The Search for Threes

I’ve mentioned the flaws of binary thinking before. The concept—framing things in terms of duality, or opposites—isn’t a new concept, and it tends to be the way that most issues are discussed in America and arguably, the West.

From a philosophical standpoint, the origins of this kind of thinking date back to Aristotle and Descartes. They first structured this type of logic, which consists of dividing, distinguishing and opposing items. When you see things in a binary construct, there’s no room for in-between or shades of gray; everything is black or white, good or bad, nice or ugly, good or evil, etc. It is the law of “all or nothing.”

Unfortunately, this kind of dualistic framework often leads to dead-ends, and at the very least, can divide people unnecessarily.

One of the best explanations and the one that really made me sit up and take notice, was written by John Michael Greer, and posted a few years ago at his blog, The Archdruid Report.

Greer takes the origins back even further than Aristotle and Descartes. He writes,

Most of the snap decisions our primate ancestors had to make on the African savannah are most efficiently sorted out into binary pairs: food/nonfood, predator/nonpredator, and so on. The drawbacks to this handy set of internal categories don’t seem to bother any of our primate relatives, and probably became an issue—like so much that’s part of magic—only when the rickety structure of the reasoning mind took shape over the top of the standard-issue social primate brain.

The problem with this snap-judgment way of seeing and making sense of the world is that in our current, non-hunting society, the binary framework eliminates the middle ground. In fact, we don’t even recognize a middle position. More often than not, it leads to division and conflict.

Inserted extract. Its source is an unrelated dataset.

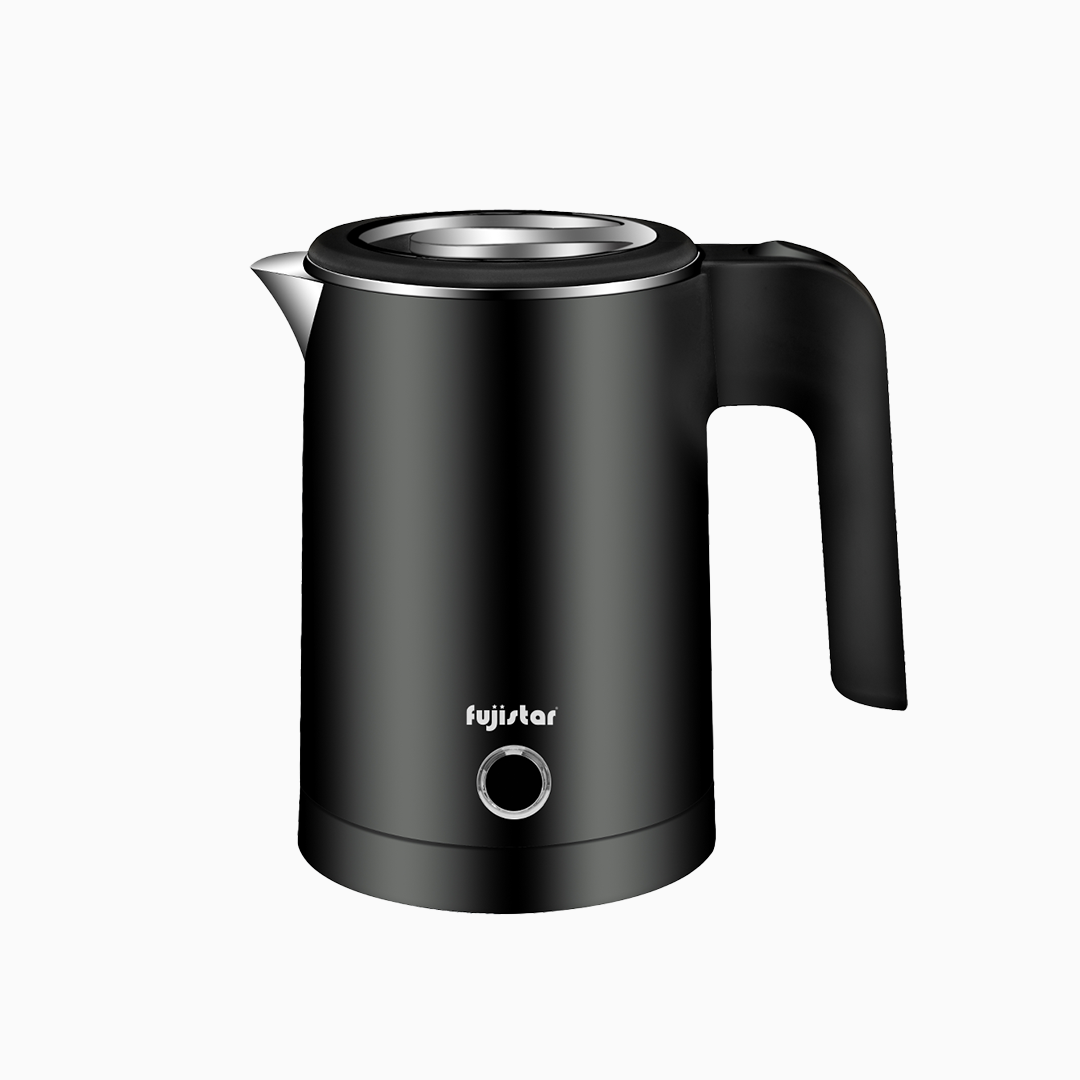 Fujistar 0.8L double wall steel seamless kettle 1500w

Think about our politics. Our choice is vote Democrat, or vote Republican. The coin flip could be Jeb Bush or Hillary Clinton, with our hopes pinned to one of them for four more years! Of course, right now, Democrats are twisting themselves into pretzels, trying to parse the importance of Bernie Sanders run for the White House, pinning their hopes on a 73-year-old former Socialist.

Binary thinking delivers diatribes on Twitter, like those I read related to the shooting in North Carolina, with a so-called black anti-racist leader, saying something akin to “All white people are racists.” I guess the binary of that would be that black people aren’t. The flipside coming from white politicians might be painting all black women as welfare queens.

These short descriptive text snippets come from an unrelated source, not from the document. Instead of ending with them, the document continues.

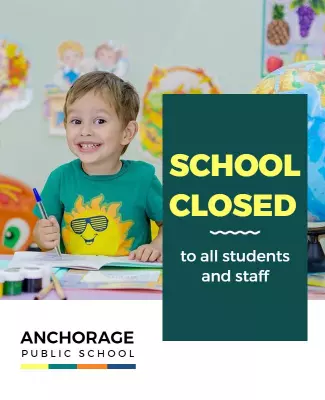 School Closure Announcement Flyer Template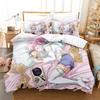 3d Print Anime Kawaii Girl Sora Kake Girl Bedding Set Single Twin Full Queen King Size Bed Set Adult Kid Bedroom Duvetcover Sets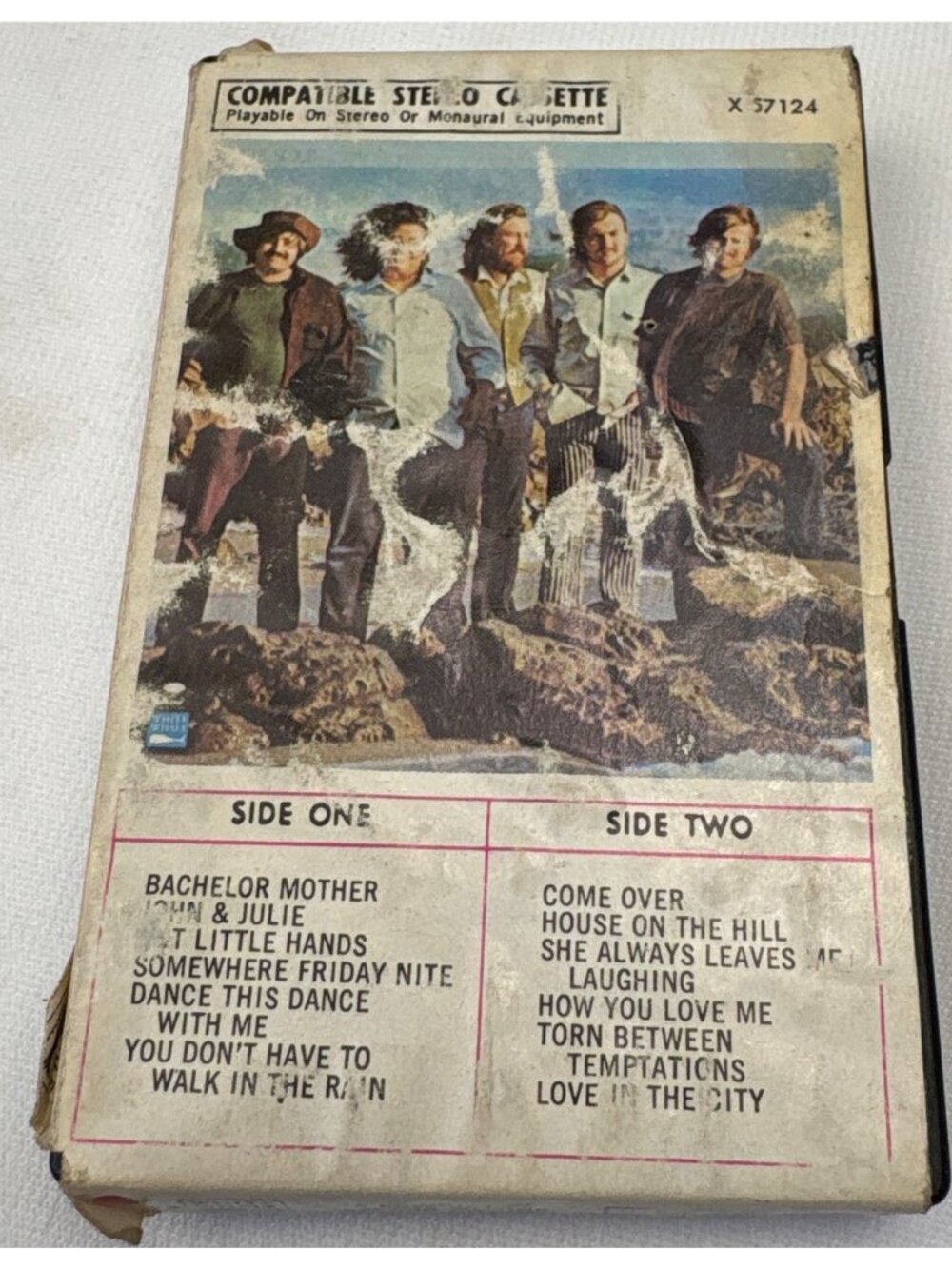 The Turtles Turtle Soup Album Ampex Cassette Tape X57124 Case USA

Binary thinking in politics leads to governance by conflict. This is what’s taking place in Augusta right now, with a governor who refuses to consider compromise or anything that doesn’t align with his own narrow, black/white views. It’s his way, or no way! If you don’t go along with his fragmented vision, he mocks or denigrates you, like calling a respected legislator, “an architect of pork.” Anyone that loves this kind of binary freak show, howl in approval.

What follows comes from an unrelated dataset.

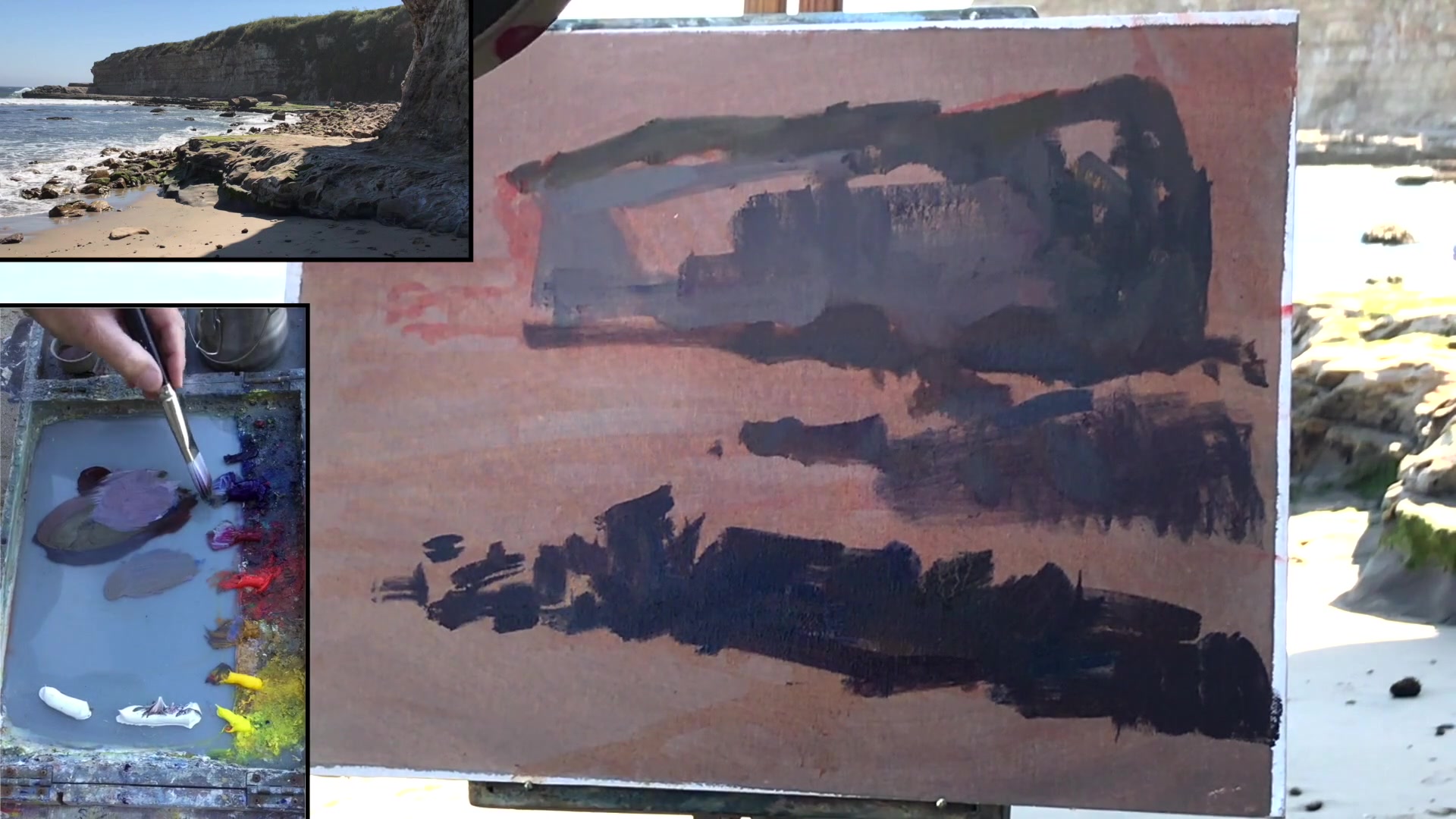 Step 5 — Value comparison and canvas coverage (video frame from the lesson)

As I wrote in an email to a friend the other day, “once you step off the binary train, that’s all you have left—and it’s impossible to get back on.” Your options for dialogue also become limited, unless you prefer to just go through the motions and discuss issues in the standard black/white dialectic. This creates dissonance.

I could argue that we are living in an empire that’s in decline. If so, I think things will continue to devolve over time. That’s a difficult worldview to truly get our heads around because it is the polar opposite from the kind of thinking we’ve been conditioned to practice from the earliest age.

We have been taught to think of America as a “city on a hill,” and a place of never-ending progress—things are supposed to get better and if they aren’t improving, then it’s someone else’s fault, most often the nearest politician. Other convenient scapegoats are loved ones, friends, jobs, and our geographic location.

I like Greer’s suggested exercise of first recognizing the binary that you are confronting. Recognition is the first step. Then, look for a third option, turning it into a ternary.

The next time you get stuck in a binary trap or conflict, look for the third option.

"Threshold," by UK artist, James Hopkins.

“Threshold,” by UK artist, James Hopkins.

2 thoughts on “The Search for Threes

  1. Yet another timely reminder, like the house by the road yesterday morning. Greer’s teaching me to refuse the options presented and find my own were, very truly, magic in my hands at one point not too long ago. Thank you.

    My only quibble with this presentation, though, is that the third (or fourth, fifth, no reason to limit to just three, although that’s a Western tendency worth examining) option isn’t always the “middle” option. In fact, the real power of the third option comes when it isn’t even on the continuum of the two options presented.

    Master manipulators know how effectively they can shackle the mind if they can convince you of where the boundaries are, say the right and left boundaries of our contemporary politics. If they set the boundaries, and you reject the “extremes” and choose the middle, you’ve still chosen from the options they gave you.

    So when, politically at least, the options only appear to be East or West, choose North-northeast, or South, or start digging, or don’t move at all. That’s where the real power lies.

  2. @LP Yes, my title for the blog post intimates that seeking “middle ground” is what I’m offering as an alternative to the binary. Shame on me for not coming up with something more clever.

    I would agree with you that merely seeking “the middle” is a dead-end, also.